ETRANGERS DANS LEUR PROPRE PAYS ! le 26/12/2009 à 12h36

Lors d’une émission télé du samedi soir, une animatrice s’est demandée quelle est l’origine de cette « Libanisation » qui envahit les plateaux et les programmes des télévisions marocaines ?
Sa question concerne bien sûr le domaine artistique dans lequel nos médias n’arrêtent pas de nous servir dans leurs programmes de nombreux artistes libanais. Jeunes hommes aux cheveux « gélés » et jeunes filles portant des décolletés qui mettent en relief leurs généreuses poitrines et qui montrent leurs nombrils (Lbote) d’où brillent de fausses perles.
Nous savons tous que ces artistes qui nous viennent de l’orient en plus de la promotion qui leur est faite pour leurs disques , repartent avec des cachets conséquents que vous et moi contribuables de ce pays payons à travers les redevances d’électricité ou tout simplement par le biais des impôts !

Alors quand je pense à l’oubli et à la marginalisation de nos artistes Amazigh comme Oumguil, Ahouzar, Oaâla et d’autres qui non seulement, sont auteurs des paroles et des musiques de leurs chants et qui se font accompagner par des danseuses habillées de bas en haut à la berbère et qui elles aussi essaient d’être créatives dans leurs chorégraphies, je ne peut dire que « Lhgarte Aya ! »

Nous savons tous que la vulgarisation d’une langue se fait aussi à travers les médias et si nos boites à images voulaient promouvoir Tamazighte, elles l’auraient fait en invitant sur leurs plateaux les artistes amazighs et en passant des clips de ces artistes comme elles le font pour les chanteurs arabes, anglo-saxons ou hindous.

J’espère que les initiateurs de cette "libanisation" qui s’empare de nos médias, sauront arrêter cette contamination au domaine artistique et ne vont pas jusqu’à nous importer tout ce qui se passe au pays du cèdre.
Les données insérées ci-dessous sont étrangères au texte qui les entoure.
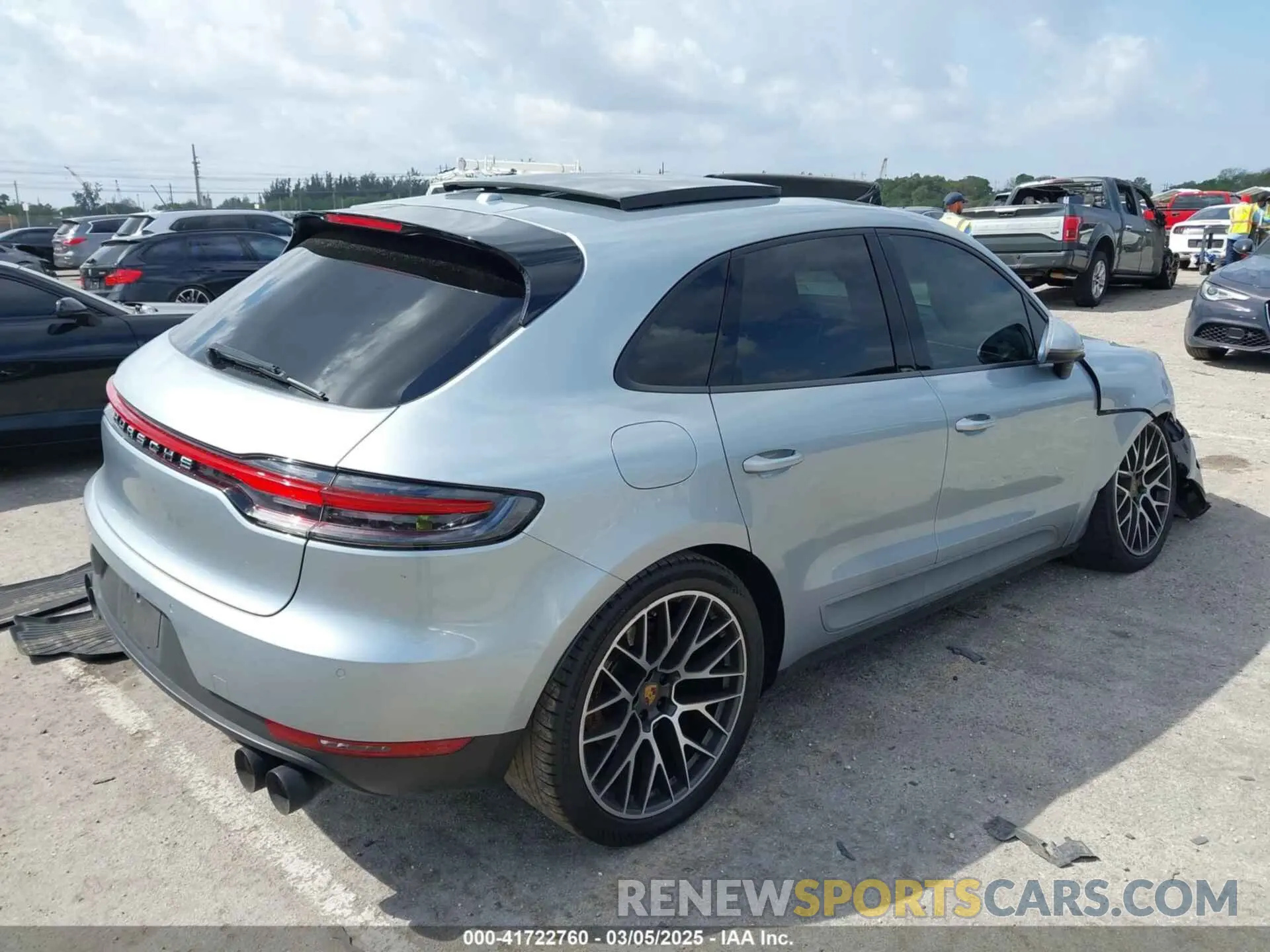 4 Photograph of a damaged car WP1AA2A51KLB02169 PORSCHE MACAN 2019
Notre pays est bien dans l’unité de ses habitants qui aimeraient n’entendre que le bruit des tirs du baroud d’une fantasia lors des moussem et lors des fêtes et non les rafales de kalachnikovs dans les rues de ses villes.

Pour terminer, je dirais que de loin, je préfère écouter nos artistes chanter l’amour, l’amitié et la nature, voir nos gazelles de l’Atlas habillées à la traditionnelle, fournir des efforts pour améliorer leurs danses en y ajoutant leurs propres chorégraphies que de voir certains artistes orientaux dont le coté artistique se limite à leurs moustaches bien coupées, aux courbes de leurs hanches ou à l’exposition de leurs poitrines siliconées.